首页 > 解决方案 > Python:导入 csv 忽略单个逗号

问题描述

我在下面有一个 csv 文件,它工作正常:

Test Case ID,summary

TC-16610,“verify that user is able to u_pdate 'active' attribute  'false ' on adding “new category records” using 'v3/definition/categories' PUT API on specifying the 'active' attribute 'true'”
TC-16609,“verify that user is able to u_pdate 'active' attribute  'true ' on adding “new category records” using 'v3/definition/categories' PUT API on specifying the 'active' attribute 'false'”

但是,如果我添加单个逗号,则无法解析:

Test Case ID,summary
,
TC-16610,“verify that user is able to u_pdate 'active' attribute  'false ' on adding “new category records” using 'v3/definition/categories' PUT API on specifying the 'active' attribute 'true'”
TC-16609,“verify that user is able to u_pdate 'active' attribute  'true ' on adding “new category records” using 'v3/definition/categories' PUT API on specifying the 'active' attribute 'false'”
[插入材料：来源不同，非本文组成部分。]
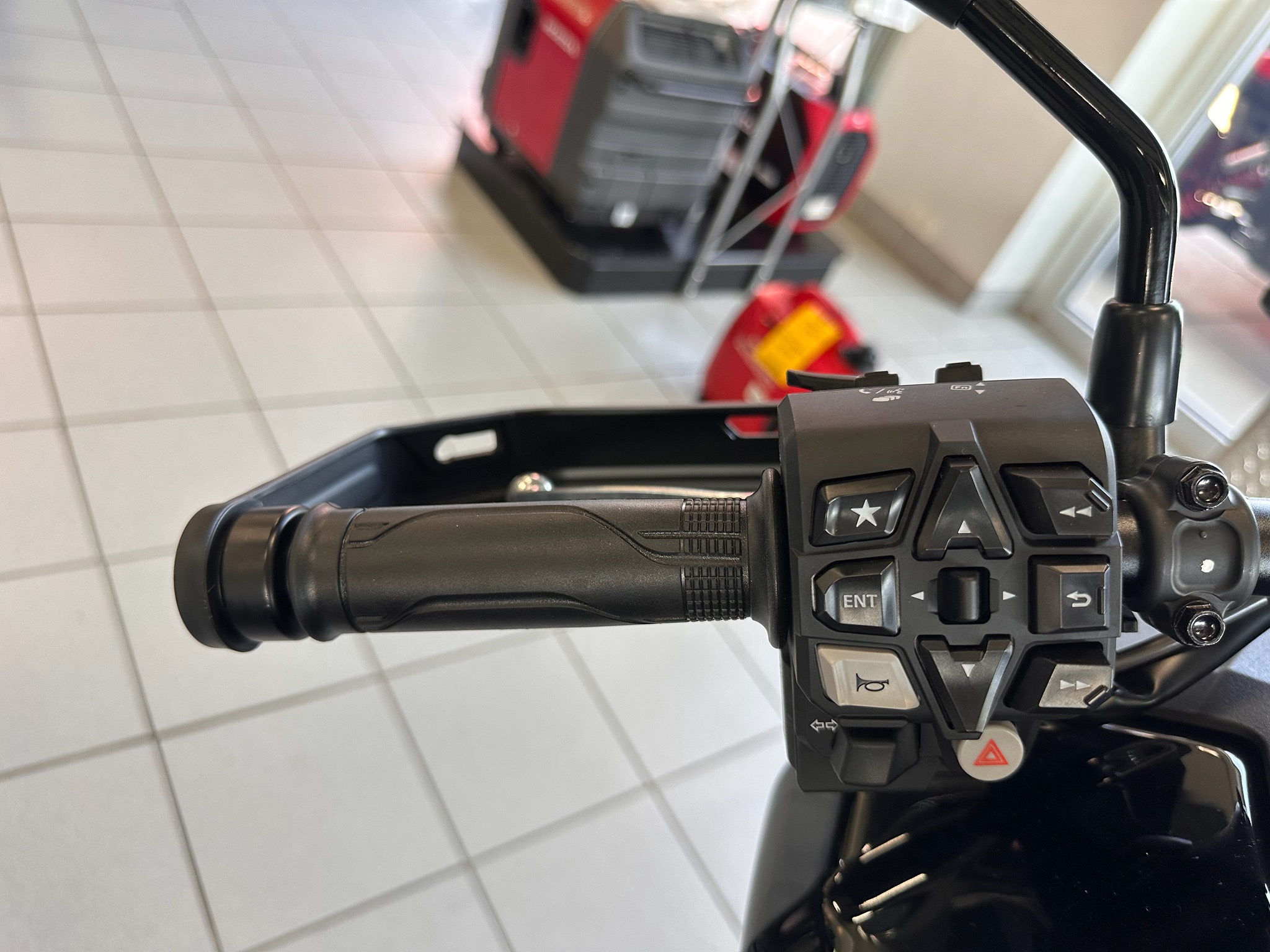 2026 Honda Africa Twin 6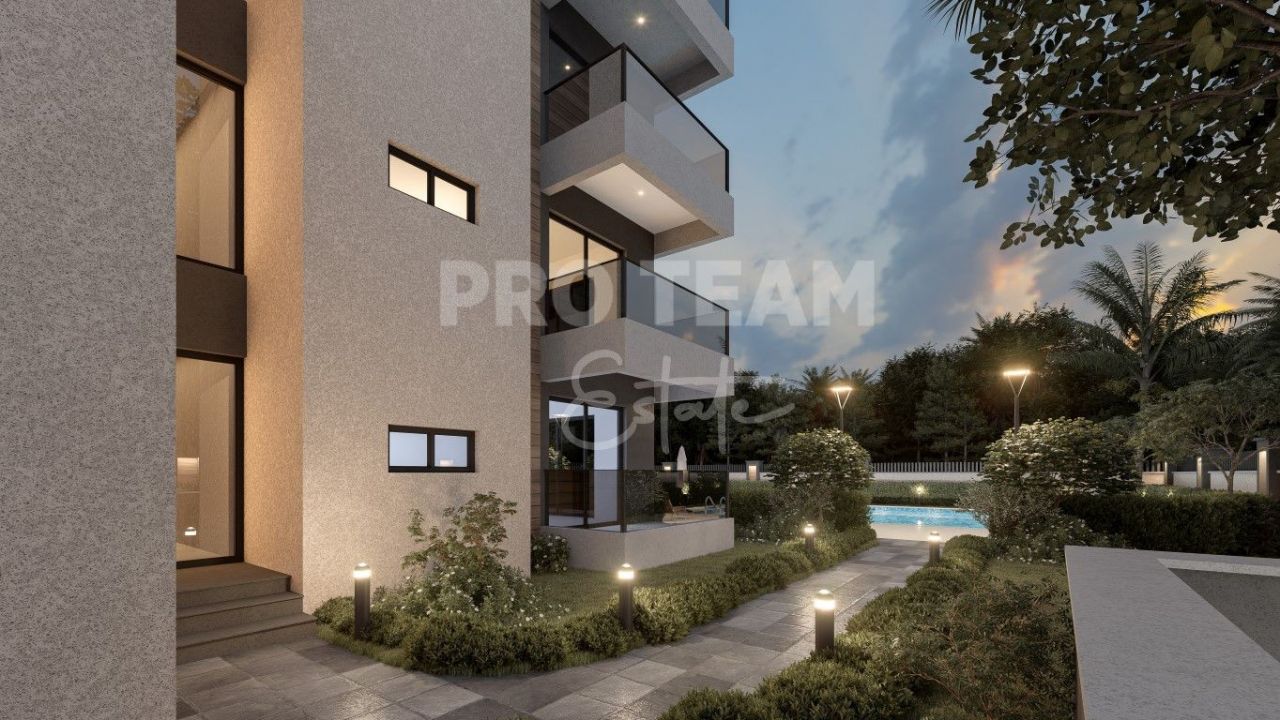 Апартаменты в Анталии, Турция, 120 м2 фото 5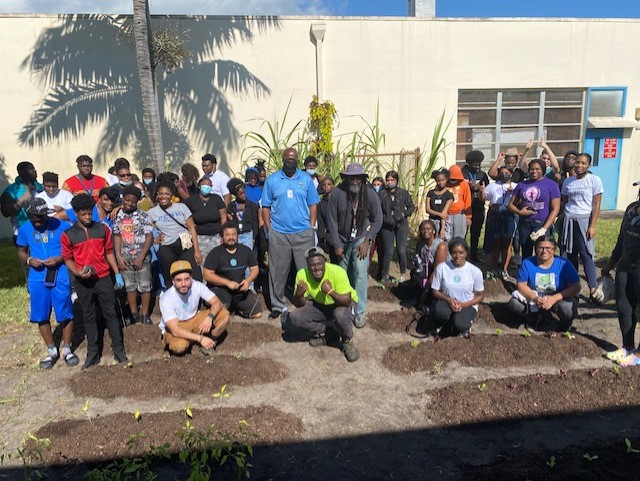 Green Haven Garden Project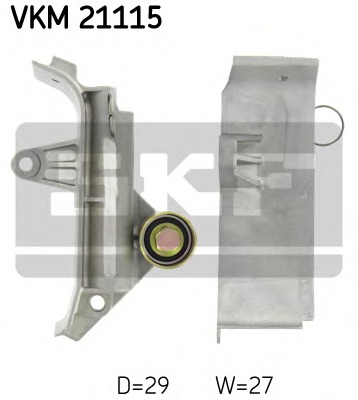 VKM21115 SKF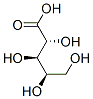 Structure of RIBONIC ACID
我想解析 csv 文件,即使其中有单个逗号。它应该跳过并解析或验证解析。谁能帮我这个。

我的代码...我在 django 中使用它:

class CsvUpload(forms.Form):
    csv_file = forms.FileField()

    def clean_csv_file(self):
        # Probably worth doing this check first anyway
        value = self.cleaned_data['csv_file']
        if not value.name.endswith('.csv'):
            raise forms.ValidationError('Invalid file type')

        try:
            data = pd.read_csv(value.file, encoding = 'ISO-8859-1', engine='python')

            data.columns= data.columns.str.strip().str.lower()
            data=data.rename(columns = {'test case id':'Test Case ID'})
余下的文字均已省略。